Java program way to start Spark business program

Source: Internet
Author: User

Website:

Http://spark.apache.org/docs/1.4.0/api/java/org/apache/spark/launcher/package-summary.html

Referring to this example, I wrote the launcher, which can execute the business program written by Spark with the Java command line.

Today again to see an article, the following is the online users of the original:

Sometimes we need to start our spark application from the another Scala/java. So we can use Sparklauncher. We have a example in which we do spark application and run it with another Scala application.

Let's spark application code.


Import org.apache.spark.SparkConf
Import Org.apache.spark.SparkContext

Object Sparkapp extends app{
Val conf=new sparkconf (). Setmaster ("local[*]"). Setappname ("Spark-app")
Val sc=new sparkcontext (conf)
Val rdd=sc.parallelize (Array (2,3,2,1))
Rdd.saveastextfile ("result")
Sc.stop ()
}

This is all simple spark application, make a jar of the this application using SBT assembly, now we make a Scala application T Hrough which we start this spark application as follows:

Import Org.apache.spark.launcher.SparkLauncher

Object Launcher extends App {

Val spark = new Sparklauncher ()
. Setsparkhome ("/home/knoldus/spark-1.4.0-bin-hadoop2.6")
. Setappresource ("/home/knoldus/spark_launcher-assembly-1.0.jar")
. Setmainclass ("Sparkapp")
. Setmaster ("local[*]")
. Launch ();
Spark.waitfor ();

}

In the above code we use Sparklauncher object and set values of

Setsparkhome ("/home/knoldus/spark-1.4.0-bin-hadoop2.6") is use to set spark home which are use internally to call Spark Sub Mit.
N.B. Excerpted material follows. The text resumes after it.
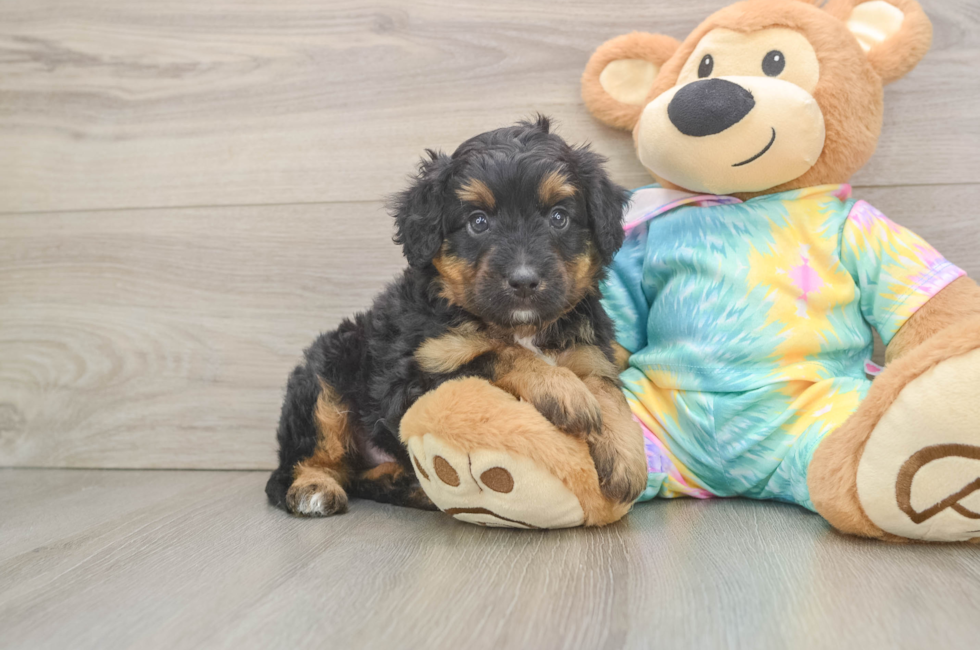 5 week old Mini Aussiedoodle Puppy For Sale - Pilesgrove Pups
The. Setappresource ("/home/knoldus/spark_launcher-assembly-1.0.jar") is the to specify jar of our spark application.

. Setmainclass ("Sparkapp") the entry point of the Spark program i.e driver.

. Setmaster ("local[*]") set the address of Master, where its start, now we run it on loacal machine.

. Launch () is simply to start our spark application.

Its a minimal requirement can also set many other configurations like pass arguments, add jar, set configurations etc .

For source code you can check out following git repo:

Spark_laucher is our Spark application

Launcher_app are our Scala application which start spark application

Change path according to and make a jar of Spark_laucher, run Launcher_app and do RDD in this directory as a R Esult of Spark application because we simple save it as a text file.

Https://github.com/phalodi/Spark-launcher

Presumably, you write a Myspark.jar file, which is written in the normal spark process.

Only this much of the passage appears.